Republican presidential nominee Donald Trump has the most working-class support of any GOP candidate in 40 years, a new poll shows.
Harry Enten, an analyst and host of CNN‘s Margins of Error podcast, said that Trump is on track for the best Republican performance among union voters in 40 years. According to the forecast, Harris is leading Trump among union voters by just 9 points, which Enten noted would be the “worst Democratic performance in a generation.”
Democrats have slowly been losing support from union voters over the years. President Joe Biden won this group by 19 points in 2020—in comparison, Bill Clinton won by 30 points in 1992.
Enten said Trump is also currently polling ahead of Harris by 31 points among voters who graduated from vocational and trade schools. Harris has lost support among non-college graduates of color, although she is still ahead of Trump by 28 points.
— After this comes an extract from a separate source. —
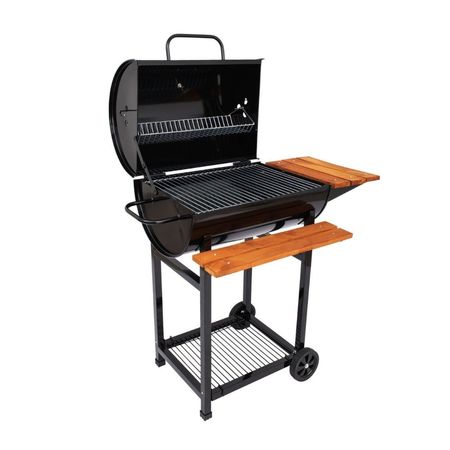 Parrilla al Carbón Mediana Meat Master Premium con Tapa Dos Niveles Acero Negro 110x110x65cm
Biden won that demographic by 45 points in 2020.
“This is part of a larger trend that we’re seeing throughout our politics,” Enten said on CNN, “in which Republicans, specifically Donald Trump, is doing very, very well among working-class voters.”
“The fact is, Donald Trump seems to have gone into a hotbed of traditional Democratic support and made a lot of movement in ways I don’t think a lot of people would have thought when he went down that escalator just back in 2015,” Enten added.
In recent years, working-class support has shifted toward Republicans, a change from the historic view of Democrats as the champions of blue-collar workers.
Trump’s 2016 victory was largely attributed to his strong support among working-class voters, and he has continued to shore up this base by framing the Democrats as a party of elites, detached from the struggles of everyday Americans.
Throughout this presidential campaign, Trump has tried to appeal to American workers with pledges to increase domestic manufacturing and industrial employment.
Newsweek reached out to Trump and Harris’ campaigns for comment via email outside of regular working hours.
While Harris is generally doing better than Biden in the polls among various demographics, “Scranton Joe” generally had better standing among the working class.
Earlier this month, the International Brotherhood of Teamsters, a labor union, said it would not endorse a candidate in the 2024 presidential election, a break from decades of the union backing Democrats.
“President Joe Biden won the support of Teamsters voting in straw polls at local unions between April-July prior to his exit from the race,” the union said in a statement in September. “But in independent electronic and phone polling from July-September, a majority of voting members twice selected Trump for a possible Teamsters endorsement over Harris.”
“The union’s extensive member polling showed no majority support for Vice President Harris and no universal support among the membership for President Trump,” it added.